| Pictures with short captions |
════════
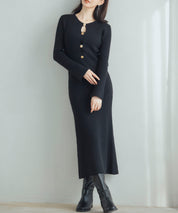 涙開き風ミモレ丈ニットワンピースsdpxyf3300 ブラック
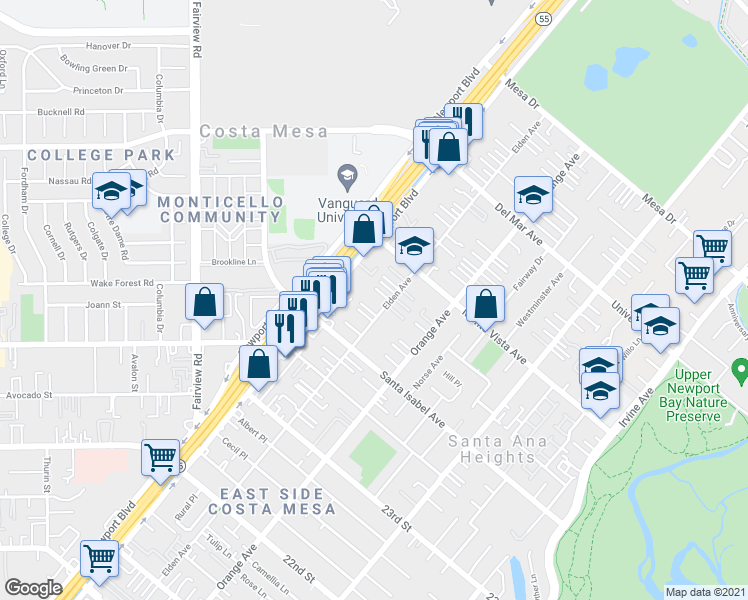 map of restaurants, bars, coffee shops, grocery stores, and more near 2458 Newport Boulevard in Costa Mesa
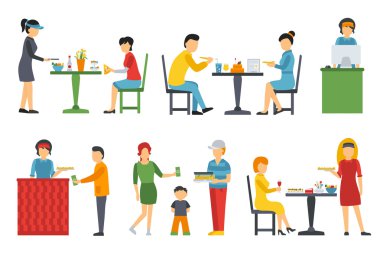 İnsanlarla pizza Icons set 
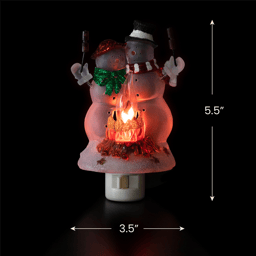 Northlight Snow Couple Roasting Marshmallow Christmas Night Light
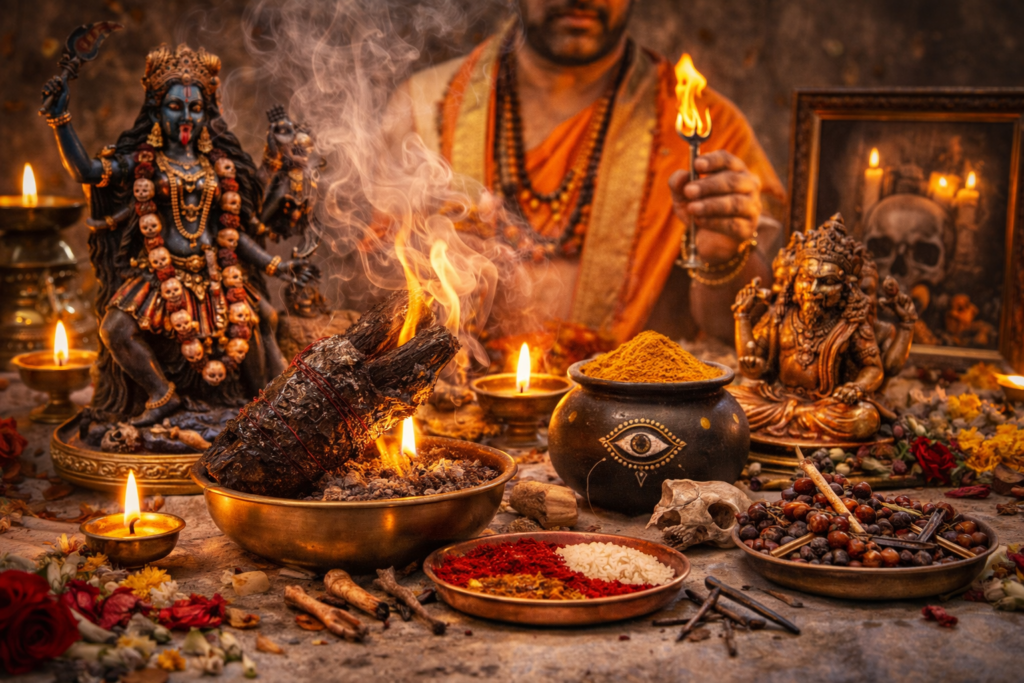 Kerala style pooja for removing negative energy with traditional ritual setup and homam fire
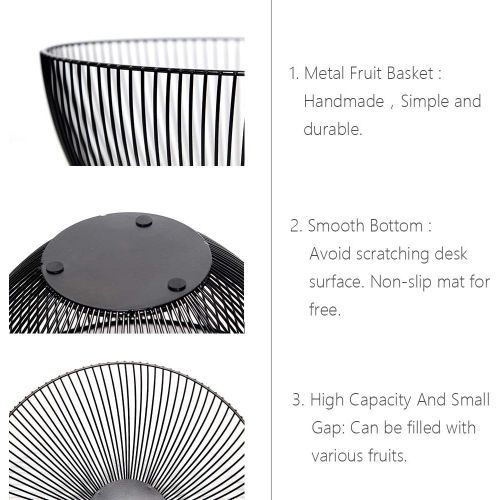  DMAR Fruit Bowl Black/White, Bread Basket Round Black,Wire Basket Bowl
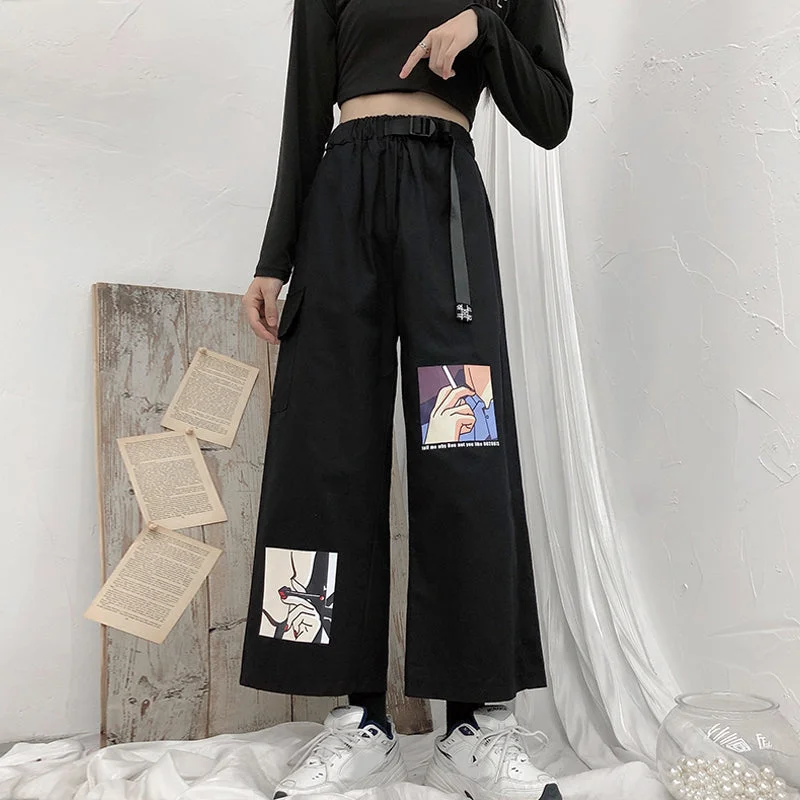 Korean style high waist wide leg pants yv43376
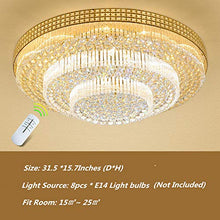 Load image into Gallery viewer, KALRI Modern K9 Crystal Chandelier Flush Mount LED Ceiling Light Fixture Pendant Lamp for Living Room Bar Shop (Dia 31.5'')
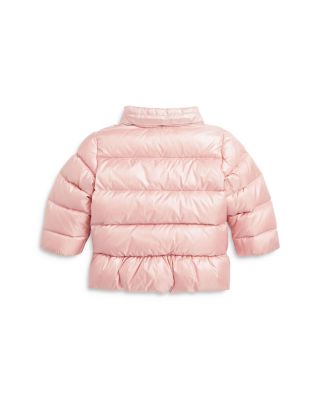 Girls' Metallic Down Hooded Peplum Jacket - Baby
════════
| EXERCISE PROMPT |
I would like the data above transcribed exactly, with its pictures left out.

| RESPONSE |
 涙開き風ミモレ丈ニットワンピースsdpxyf3300 ブラック
 map of restaurants, bars, coffee shops, grocery stores, and more near 2458 Newport Boulevard in Costa Mesa
 İnsanlarla pizza Icons set 
 Northlight Snow Couple Roasting Marshmallow Christmas Night Light
 Kerala style pooja for removing negative energy with traditional ritual setup and homam fire
  DMAR Fruit Bowl Black/White, Bread Basket Round Black,Wire Basket Bowl
 Korean style high waist wide leg pants yv43376
 Load image into Gallery viewer, KALRI Modern K9 Crystal Chandelier Flush Mount LED Ceiling Light Fixture Pendant Lamp for Living Room Bar Shop (Dia 31.5'')
 Girls' Metallic Down Hooded Peplum Jacket - Baby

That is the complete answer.